The Baofeng UV-5R radio has been very popular in the amateur radio world recently. For the low price of $30-$40 dollars, this handheld packs a lot of features. Unfortunately, due the documentation from the manufacturer is poor. As a result, many useful features of this radio aren’t immediately obvious.
One example is the Baofeng’s ability to handle cross-band splits. That means listening on a UHF frequency and transmitting on VHF (or the other way around).
Normally, repeaters are set up “in-band”, meaning that the output and input frequencies are on the same band, often shifted up or down 600Khz or 5Mhz apart. In that case, programming the Baofeng is easy: type in the output frequency and use the OFFSET and SFT-D menus to program the appropriate shift.
But some repeaters are cross-band and have their input and output on a different band entirely, separated by hundreds of megahertz. In this case, programming OFFSET won’t work. This is annoying because many mobile radios now come with built-in cross-band repeaters that can be very useful for temporary situations.

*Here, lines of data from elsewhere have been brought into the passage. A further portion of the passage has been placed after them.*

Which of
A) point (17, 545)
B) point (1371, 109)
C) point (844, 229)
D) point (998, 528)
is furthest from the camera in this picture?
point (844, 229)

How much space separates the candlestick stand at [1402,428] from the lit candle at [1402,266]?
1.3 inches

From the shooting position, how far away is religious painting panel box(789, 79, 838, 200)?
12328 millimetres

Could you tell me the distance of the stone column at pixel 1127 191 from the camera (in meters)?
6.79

Fortunately there is a way to make this work.
CHIRP is a piece of Python software for programming radios. It has drivers for the UV-5R and can let you store named frequency channels on your device if you have the Baofeng USB cable. There are many guides out there on how to connect to your Baofeng through CHIRP, so I’ll assume you can get to this screen:
Clicking on a cell in the Duplex column provides this context menu. One of the options is “split”. This allows you to enter any desired transmit frequency into the offset column and your radio will automatically switch over while you hold down the PPT button. When you’re not transmitting, it listens to the main frequency, 146.34 in this case. Tones work the same way as before. Tone is the TX tone, and ToneSQL is the RX tone.
It works! But what if you don’t have the programming equipment or you need to configure a cross-band split in the field?
Using Keypad Entry
It’s possible to do this using only the keypad. Here’s what you have to do:
- You must be in VFO mode and have display A selected (top line).

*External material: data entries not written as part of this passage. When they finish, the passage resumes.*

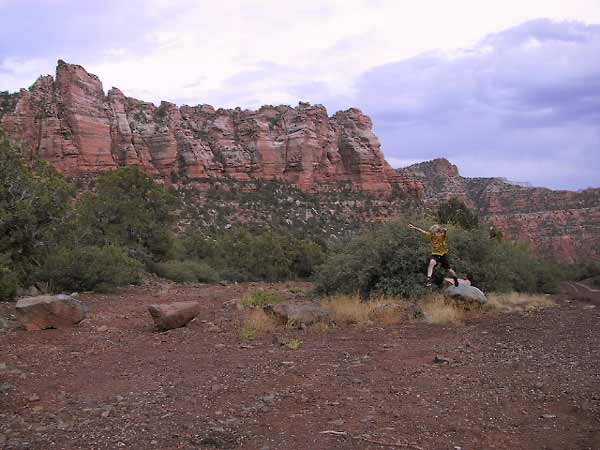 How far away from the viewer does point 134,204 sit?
80.5 feet

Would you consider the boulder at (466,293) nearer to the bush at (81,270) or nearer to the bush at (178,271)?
the bush at (81,270)

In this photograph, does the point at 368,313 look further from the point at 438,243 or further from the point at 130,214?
Answer: the point at 130,214

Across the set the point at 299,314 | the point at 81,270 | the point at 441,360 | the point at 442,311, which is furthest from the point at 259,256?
the point at 441,360

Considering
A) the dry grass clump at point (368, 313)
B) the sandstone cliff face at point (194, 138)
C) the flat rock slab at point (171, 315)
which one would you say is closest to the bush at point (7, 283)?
the flat rock slab at point (171, 315)

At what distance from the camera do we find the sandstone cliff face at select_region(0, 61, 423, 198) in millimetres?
53625

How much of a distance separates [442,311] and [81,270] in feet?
34.3

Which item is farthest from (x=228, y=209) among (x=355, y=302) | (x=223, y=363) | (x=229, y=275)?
(x=223, y=363)

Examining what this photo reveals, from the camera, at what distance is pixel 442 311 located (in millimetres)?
11266

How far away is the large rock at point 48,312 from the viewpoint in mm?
9711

- Menu 7 (TDR) should be set to OFF.
- We are going to program into a memory slot, so make sure you have an empty channel. We’ll use CH 100.
- Let’s program the RX frequency.
- Type whatever frequency you want to listen on.

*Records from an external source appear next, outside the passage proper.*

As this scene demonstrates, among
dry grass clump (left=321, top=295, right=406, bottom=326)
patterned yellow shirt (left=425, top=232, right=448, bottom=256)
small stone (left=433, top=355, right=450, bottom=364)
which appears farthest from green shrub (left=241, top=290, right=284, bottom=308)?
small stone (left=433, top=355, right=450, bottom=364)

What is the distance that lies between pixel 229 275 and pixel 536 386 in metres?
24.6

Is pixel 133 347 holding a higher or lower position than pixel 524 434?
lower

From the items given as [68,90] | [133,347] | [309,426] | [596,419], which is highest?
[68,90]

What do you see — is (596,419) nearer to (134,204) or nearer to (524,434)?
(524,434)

- If want to set a receive tone, set that now as well.
- We can now store the frequency by pulling up menu 27 (MEM-CH) and enter 100 to store this frequency in channel 100. Now you can exit the menu.
- Program the TX frequency
- Now type in the transmitting frequency.
- Once again, you can set the transmit tone at this point.
- Here comes the trick: We’re going to save this frequency in the same channel as above. This does not overwrite the old one. Instead, this registers as transmit frequency! Go to menu 27 (MEM-CH) again and enter 100 (or whatever channel you chose last time).
- You can now switch over to MR/channel mode and scroll to the channel you just created. The split should be programmed! You should see both the + and – symbol on the LCD.
These steps have been adapted from http://www.miklor.com/COM/UV_ProgMem.php
I am currently unaware of a method for programming cross-band splits in VFO mode only.